Venet et al. [31] found that many published breast cancer gene signatures have strong expression correlation to a cell proliferation-related gene set called meta-PCNA, containing 131 genes that are significantly related to PCNA gene expression. We checked the gene expression correlation between module 2 and meta-PCNA, and found that similar to other many published gene signatures, module 2 expression is strongly correlated to meta-PCNA across five breast cancer data sets (Table S13 in Additional file 1). Because of this strong correlation, multi-covariate Cox PH analysis shows that module 2 is not independently related to patient overall survival after adjustment for meta-PCNA gene expression in all but the GSE3143 data sets (Table S14 in Additional file 1). Gene overlap analysis shows that 7 out of 31 genes in module 2 are shared with meta-PCNA (P-value = 3.5 × 10-10). All the shared genes (BIRC5, AURKB, KIF20A, NCPAD2, BUB1, CDCA8, and MAD2L1) are among the top ten of module 2 genes sorted by P-values based on the NEJM data set (Table S9 in Additional file 1).

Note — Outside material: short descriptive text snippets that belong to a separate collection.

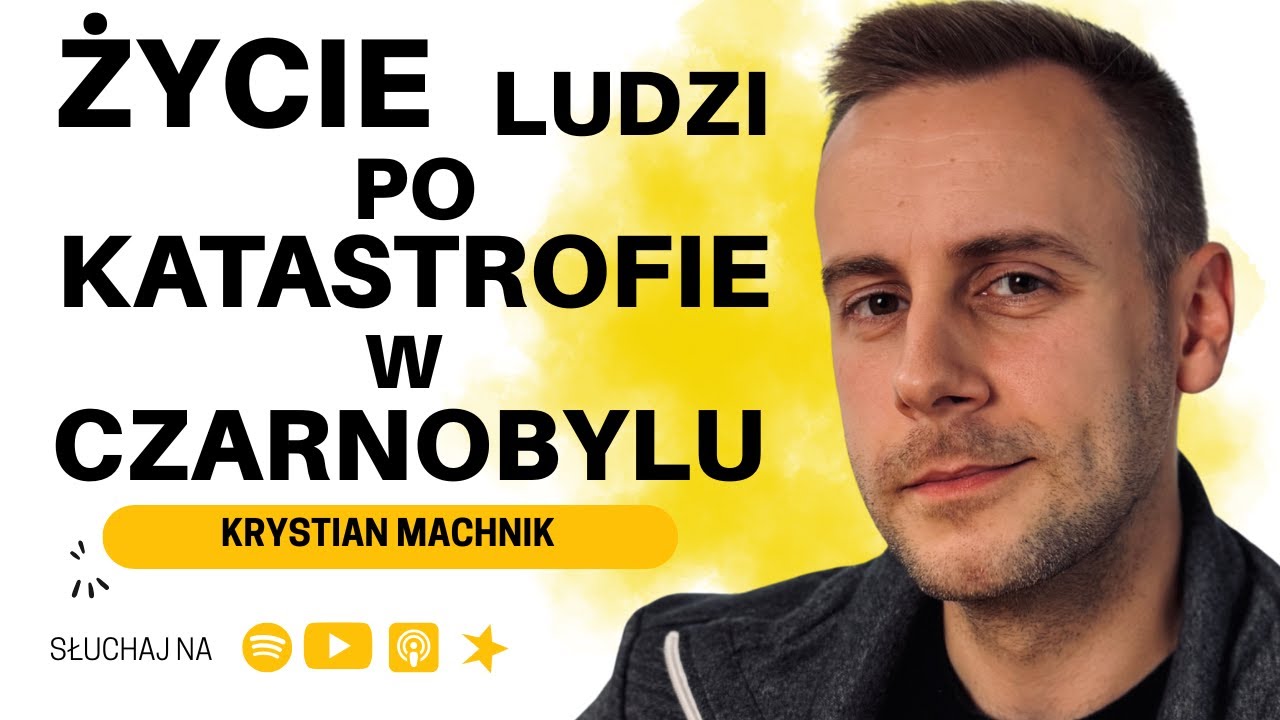 JAK NAPRAWDĘ WYGLĄDA ŻYCIE W CZARNOBYLU? PROMIENIOWANIE, RADIOAKTYWNOŚĆ, ATOM  - Krystian Machnik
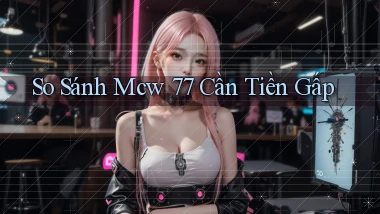 so sánh mcw 77 cần tiền gấp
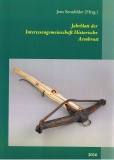 Jahrblatt 2016 der Interessengemeinschaft historische Armbrust
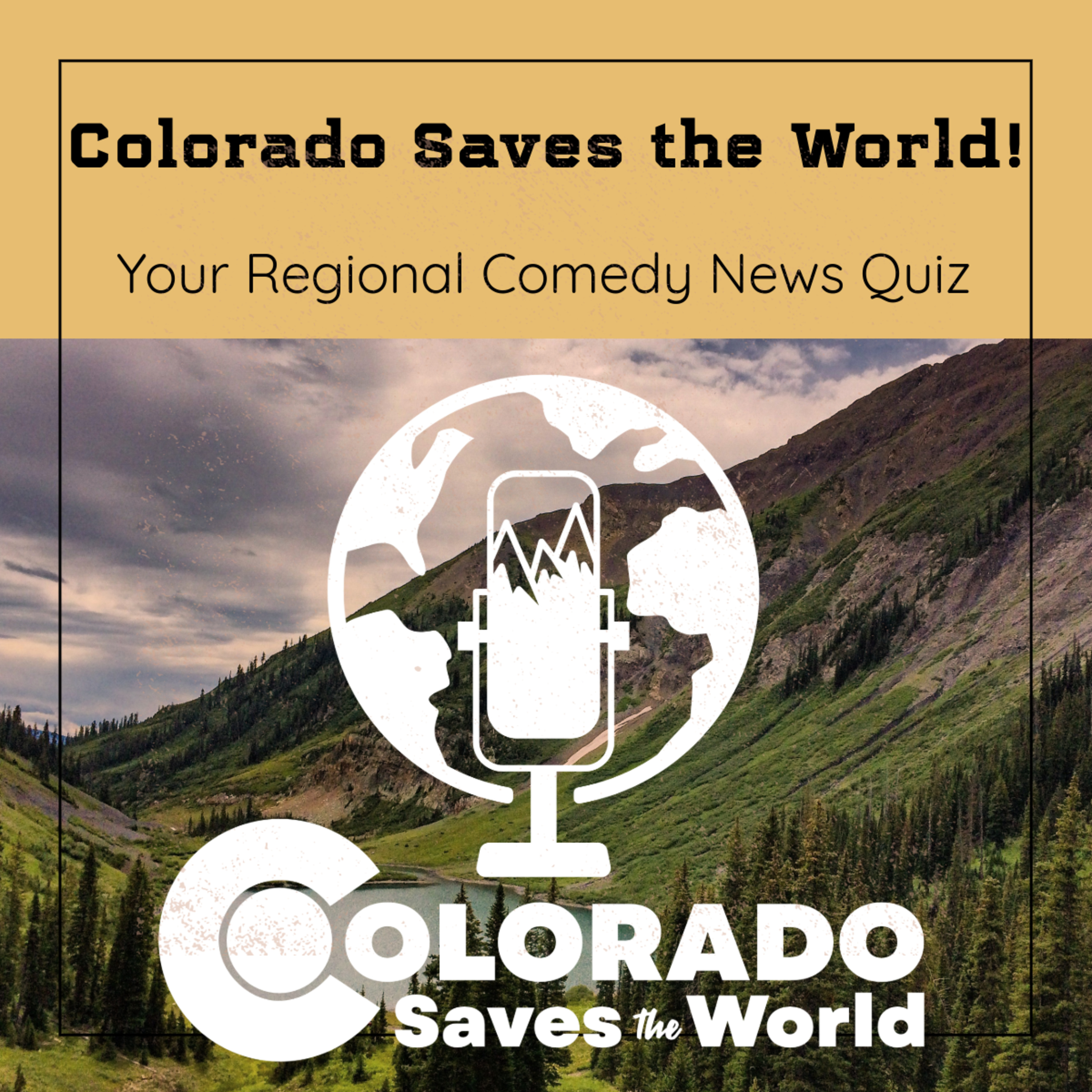 Colorado Saves the World! Season 1, Episode 1, with special guest Ryan Warner of Colorado Public Radio episode artwork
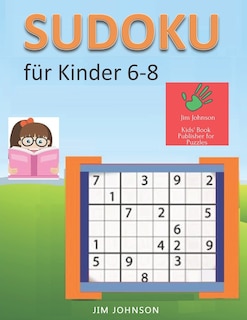 Couverture_Sudoku für Kinder 6-8 - Sudoku leicht Rätsel zum Entspannen und Überwinden von Stress, Sudoku schwer und Sudoku sehr schwer für den Geist - 4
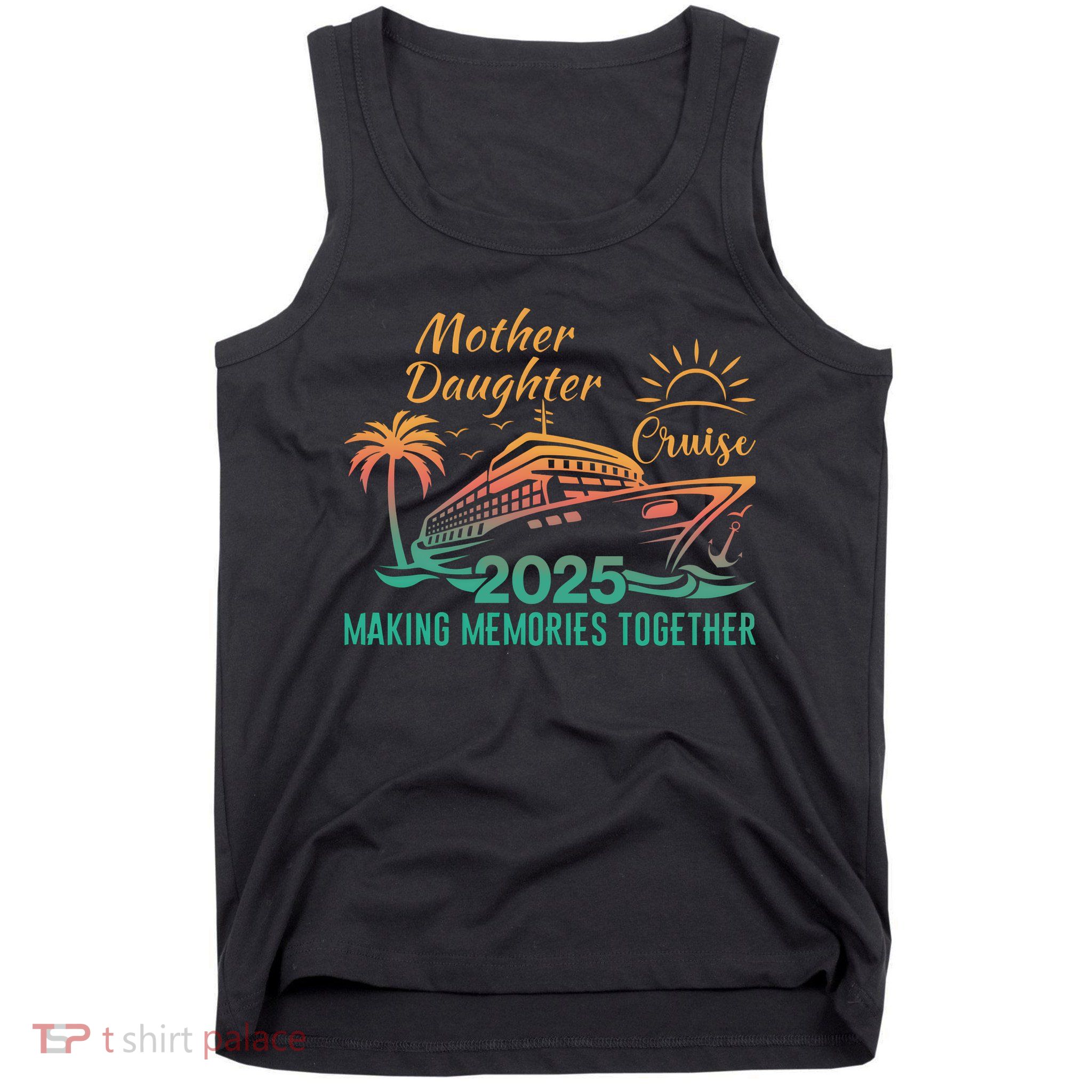 Mother Daughter 2025 Cruise Making Memories Together Tank Top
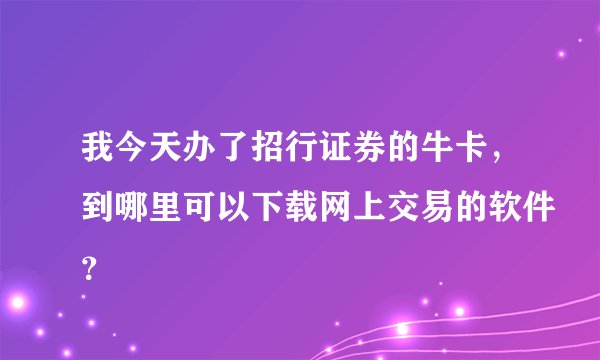 我今天办了招行证券的牛卡，到哪里可以下载网上交易的软件？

These results again point to a biological role in cell proliferation for module 2.

Application of the method to high-grade serous adenocarcinoma of the ovary

To test our method in another cancer type, we applied it to high-grade serous adenocarcinoma of the ovary. We used The Cancer Genome Atlas (TCGA) ovarian gene expression data set [32] as the training data set, and three independent data sets (GSE9891 [33], GSE13876 [34], GSE26712 [35]) for validation.

The primary MCL network clustering algorithm identified 27 modules of size 8 or greater in the TCGA training set, 7 of which were selected by superpc using a threshold value of 0.8. Using superpc's continuous prediction model, we found that the second principal component is significantly related to ovarian cancer patient overall survival across four independent ovarian cancer data sets (Table S15 in Additional file 1). Superpc also offers a 'discrete prediction' model in which patient samples are divided between two groups based on the training data set. A univariate Cox PH analysis (Table 4) and Kaplan-Meier plot (Figure S6 in Additional file 1) demonstrate that the second principal component distinguishes a subgroup of patients who have significantly longer survival (hazard ratio (HR) ranging from 1.33 to 2.43 among the four data sets, P-values ranging from 3.61 × 10-2 to 8.85 × 10-5). Both results show that the second principal component can be used as a feature to predict samples into two groups: one contains samples having longer survivals, while another shorter survivals.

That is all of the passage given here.